I nodded, what else could I do, and said, “Show me what to do.”
He told me to mentally pull it in my mind, like I was using my fingers to yank it toward me. I did that and felt it tugging back. It was true, it didn’t want to leave Eli. I felt angry for no apparent reason. Eli pulled my face up.
“It’s ok. I know it sucks, just do it. Hurry.”
I did it again and saw it detaching itself from his wrist. Eli’s face grimaced and he groaned. At first I thought it was because he was picking up my emotion but no…his skin bloomed a blue spot that grew the more I pulled. His blood. I looked horrified up to him.
“Hold it,” he hissed. “Don’t let go or we’ll have to do it again.”
I kept my mental hold on the string and watched as it pulled and raced from his wrist up his arm, like pulling a cord from a wall, all the way to his chest. I felt it yank all of a sudden and enter my wrist and a zing shot up my arm to my chest. Eli fell back from the force of it and grunted. The pressure of it, pushing and pressing against my ribs, was uncomfortable as he had said, but it was more than that. It felt wrong. I looked back to his shirt.
“Is that your blood? Why are you bleeding?” I asked him as he sat back up. “Your chest…your arm…”
“Well…” he groaned a little as he took off his now destroyed white shirt and pulled back on his black button up, rolling down the sleeves, “it was attached.” As he buttoned the sleeve I saw the angry black skin around the hole as it still oozed blue.
“Then why did we do it?” I said angrily. “I wouldn’t have done that to you had you told me-“
“And that is why,” he interrupted, “I didn’t tell you. I knew you would never have been able to hurt me but we needed it done so they won’t follow the string back to you.”
I held back my tears at his sacrifice. He was trying to keep me safe, apparently at all cost. Instead, I told him him a half truth.
“I’m going to be mad at you about this later,” I told him quietly and too softly for the threat to be credible.
He nodded and kissed me again, but this time it wasn’t rough. In fact, it was creamy and fluid as he pressed his lips to mine. I gripped his arm to convey the thought that I didn’t want him to go. He lingered in my space for a second before moving away and shooting through the woods behind us. When I looked for him in the park I saw him emerge from the other side. He was trying to divert someone from my location. But who?
“Mr. Thames,” a gruff male accented voice called, “I’m delighted to have you join us.”
“Everyone here knows that’s not true, Hatch. Let’s get right down to the matter, if you don’t mind.” I saw Angelina come up near Eli but he gave her a look that said to keep her distance. Surprisingly, she did. I still couldn’t see anyone else in the field as Eli went on. “Angelina called you unnecessarily. We don’t have a problem here.”
“Really?

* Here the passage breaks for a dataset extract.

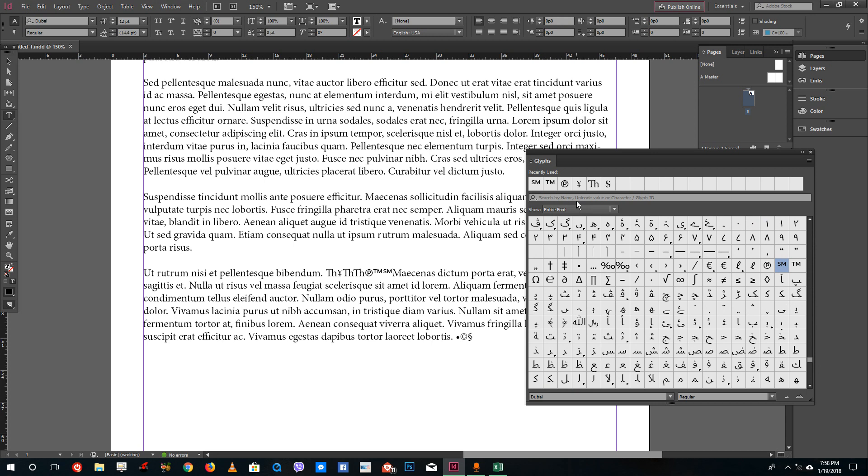This is how you insert special characters inside of InDesign. Hope you guys learn something. As always, please like, comment, share and subscribe.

My dear Angelina, tell a lie?” Hatch laughed gravelly. “If we’re playing the honest card, I assumed that she was spouting lies since it was concerning you. I knew she was just trying to end whatever it was that you started in this town.”
“And yet you came,” Eli muttered quietly. “Why?”
“Because they have to,” Angelina interrupted smartly and grinned. “What would our people say if the Horde plays pick and choose instead of following credible leads?”
“Bite your tongue, wench,” one of Hatch’s men growled.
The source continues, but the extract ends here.